After several months of tepid volume growth, demand for coal is gradually picking up backed by a revival in industrial activities. Though it might still take some more time for the industry to bounce back to pre-Covid levels, production and offtake has been improving on a month-on-month basis.

Coal generation, which was down by nearly 25 per cent in April and by around 15 per cent in May and June, has now improved. It has been consistently rising each month backed by an improvement in utilisation level, industry experts said.

Near term prospects

Moving forward, the demand for coal is likely to grow by around 3-4 per cent in the near term for the next 3-4 years, they add. However, the increased focus on renewables and its growing share in the overall energy mix is likely to exert pressure on coal demand in the medium to long term.

“Coal production and offtake have improved from September onwards, but that is on a low base. Production was impacted last year because of heavy monsoon rains in some of the mine areas and year-on-year basis production in September and October last year was down by around 20 per cent. So the higher production and offtake this year is due to base effect. On a like-to-like basis, coal generation is down by 3-4 per cent but definitely there is improvement from April when the generation was down by 25 per cent,” Rupesh Sankhe, analyst at Elara Capital India Pvt Ltd, told BusinessLine .

Coal India Ltd (CIL) accounts for nearly 83 per cent of the country’s total coal output.
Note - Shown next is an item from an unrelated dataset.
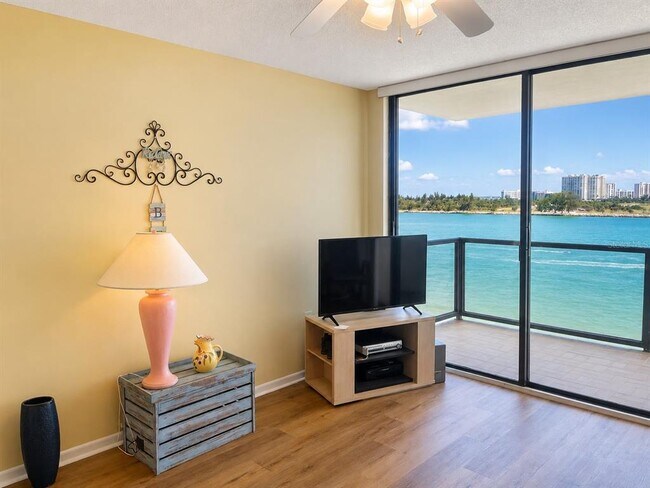 Building Photo - 450 S Gulfview Blvd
The Covid-induced slowdown impeded the company’s output and off-take with production shrinking by 11.6 per cent and offtake by 21 per cent during the first quarter of this fiscal as compared to same period last year. However, following the unlocking, the company’s recovery began in August when it posted 9.3 per cent output growth and 7.1 per cent rise in offtake for the first time during the ongoing fiscal. Both the parameters rose to a high of around 32 per cent in September and the positive trend is being sustained since then, a company spokesperson said.

Demand drivers

The country produces close to 729.10 million tonnes (mt) of coal annually and around 250 mt is imported. Nearly 80 per cent of the total coal produced is utilised by the thermal power sector, while the remaining 20 per cent goes to the non-power sector which includes primarily steel, cement, sponge iron, captive power plants and a host of other industries.

While demand from industrial and commercial segment, which together comprise about 52 per cent of power demand, got impacted during the lockdown, the demand from residential and agricultural segments was firm.

According to Jayanta Roy, Senior Vice-President, ICRA, the steel sector has witnessed “a sharper than expected turnaround” in demand. Though the rate of growth is very small, however, it is higher than last year. The growth momentum is likely to sustain during the next four months of this fiscal, he said.

Price realisation

The improved demand is also likely to shore up price realisation on sale through e-auction route. CIL had brought down the reserve price on coal sold through auction to nearly zero due to poor demand in the first half of this fiscal. In November, however, it earned a premium of 10-12 per cent on its sale through e-auction platform. However, it might be difficult for prices to reach pre-Covid levels anytime soon. The average price realisation pre-Covid was close to ₹2,300 a tonne, this is currently ruling at around ₹1,500-1,600, industry experts said.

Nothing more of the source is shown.